Cotton production provides income for approximately 100 million families, and approximately 150 countries are involved in cotton import and export. Its economic impact is estimated to be approximately $500 billion/year worldwide. China is the largest producer and consumer of raw cotton, but more than 80 countries, including Australia, some African countries, India, Pakistan, the United States, Mexico, and Uzbekistan, also produce cotton. The United States is the second largest producer, and grows cotton worth approximately $6 billion/year for fiber and approximately $1 billion/year for cottonseed oil and meal. Cotton is a major economic driver for some developing countries, like Uzbekistan, which annually produces approximately 4 million tons of raw cotton and exports fiber worth approximately $900 million.

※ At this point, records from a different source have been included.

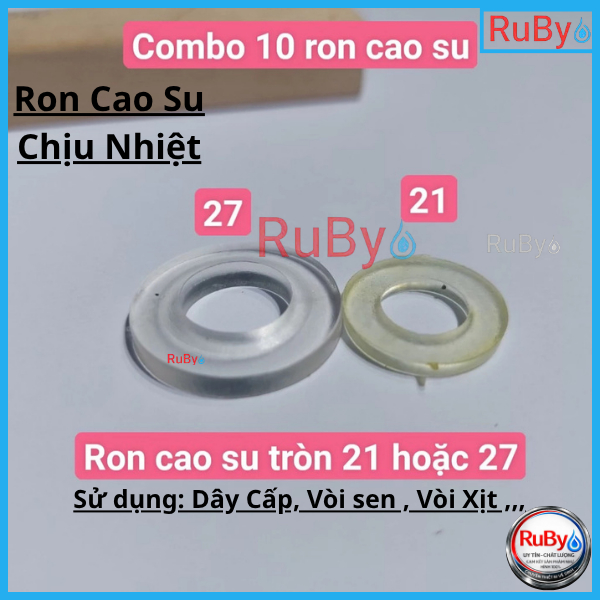 Ron Cao Su Nhựa 21/27 TBVS RuBy – Ron Chịu Nhiệt Cho Dây Cấp, Vòi Sen, Vòi Xịt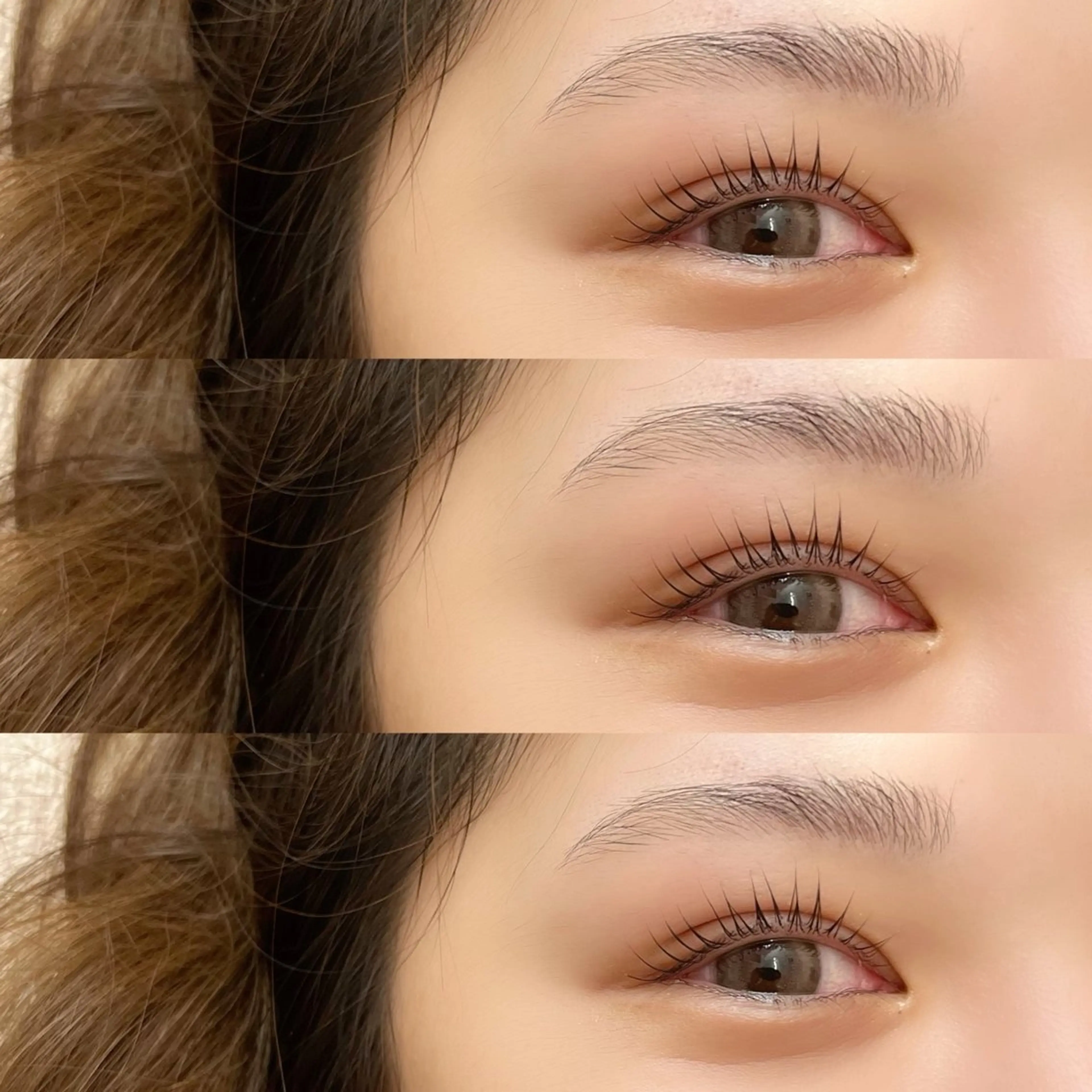 マツエク・マツパ パリジェンヌラッシュリフト 岩田 かのんのマツエク・マツパデザイン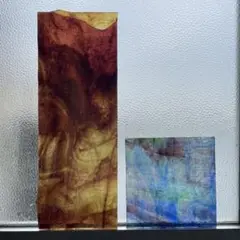 ステンドグラス　端材　ガラス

Cotton fiber is an outstanding model for the study of plant cell elongation and cell wall and cellulose biosynthesis (Kim and Triplett, 2001). Each seed has approximately 25,000 cotton fibers, each of which is a single and greatly elongated cell from the epidermal layer of the ovule (Fig. 1B). The fiber is composed of nearly pure cellulose, the largest component of plant biomass. Compared to lignin, cellulose is easily convertible to biofuels. Translational genomics of cotton fiber and cellulose may lead to the improvement of diverse biomass crops.

The genus Gossypium includes approximately 45 diploid (2n = 2x = 26) and five tetraploid (2n = 4x = 52) species, all exhibiting disomic patterns of inheritance. Diploid species (2n = 26) fall into eight genomic groups (A–G, and K). The African clade, comprising the A, B, E, and F genomes (Wendel and Cronn, 2003), occurs naturally in Africa and Asia, while the D genome clade is indigenous to the Americas. A third diploid clade, including C, G, and K, is found in Australia. All 52 chromosome species, including Gossypium hirsutum and Gossypium barbadense, are classic natural allotetraploids that arose in the New World from interspecific hybridization between an A genome-like ancestral African species and a D genome-like American species. The closet extant relatives of the original tetraploid progenitors are the A genome species Gossypium herbaceum (A1) and Gossypium arboreum (A2) and the D genome species Gossypium raimondii (D5) ‘Ulbrich’ (Brubaker et al., 1999). Polyploidization is estimated to have occurred 1 to 2 million years ago (Wendel and Cronn, 2003), giving rise to five extant allotetraploid species. Interestingly, the A genome species produce spinnable fiber and are cultivated on a limited scale, whereas the D genome species do not (Applequist et al., 2001). More than 95% of the annual cotton crop worldwide is G. hirsutum, Upland or American cotton, and the extra-long staple or Pima cotton (G. barbadense) accounts for less than 2% (National Cotton Council, http://www.cotton.org, 2006). Understanding the contribution of the A and D subgenomes to gene expression in the allotetraploids may facilitate improving fiber traits (Jiang et al., 1998; Saha et al., 2006; Yang et al., 2006).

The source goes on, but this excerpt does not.